白釉黒刷毛目芦文水指

白釉黒刷毛目芦文水指
Picture of 鶴田 純久の章 お話
鶴田 純久の章 お話
白釉黒刷毛目芦文水指
白釉黒刷毛目芦文水指

Ninsei: water jar with reed design, black brush-mark slip under whiteglazeMouth diameter 20.1cm
高さ11.3cm 口径20.1cm 底径9.6cm
 いわゆる砂金袋形の大振りの平水指で、口まわりを輪花にしている。

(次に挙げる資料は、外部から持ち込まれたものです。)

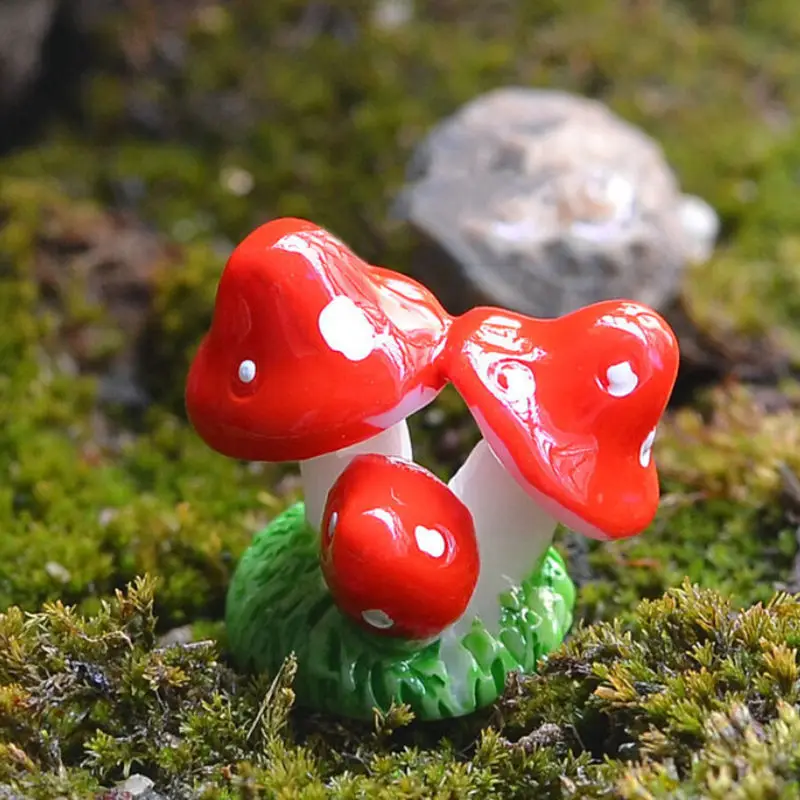1pcs Plant Micro DIY Fairy Accessory Stakes Craft Action Toy Figures Mini Resin Mushroom Miniature Toys New Arrival | Игрушки и хобби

胴は素地の上に黒刷毛をめぐらした後、芦の文様を掻き落とし、さらに芦に蛍を鉄絵具で描いて全面に白釉をかけて焼き上げたもので、いわゆる絵高麗の掻落としの技法を応用した作行きである。平らな底は土見せで、仁清の繭形の印が捺されている。興味深いのは、内箱に「仁清 修学院焼水指」 と記され、外箱の蓋表に 「修学院焼仁清水指 砂金袋」、裏に 「於御茶屋御庭仁清造之 曼珠院宮 旧御「蔵筥之内也」 と書き付けられ、その筆者は望月桂心斎と伝えている。
 この箱書付を信用すれば、寛文四年に開窯された修学院の御庭焼で仁清が作ったことを伝えるもので、興味深い資料である。しかし底に仁清の印を捺しているので、後水尾院の御庭焼の作品に仁清の印を捺すことが許されたか否か、今後の考究を待ちたい。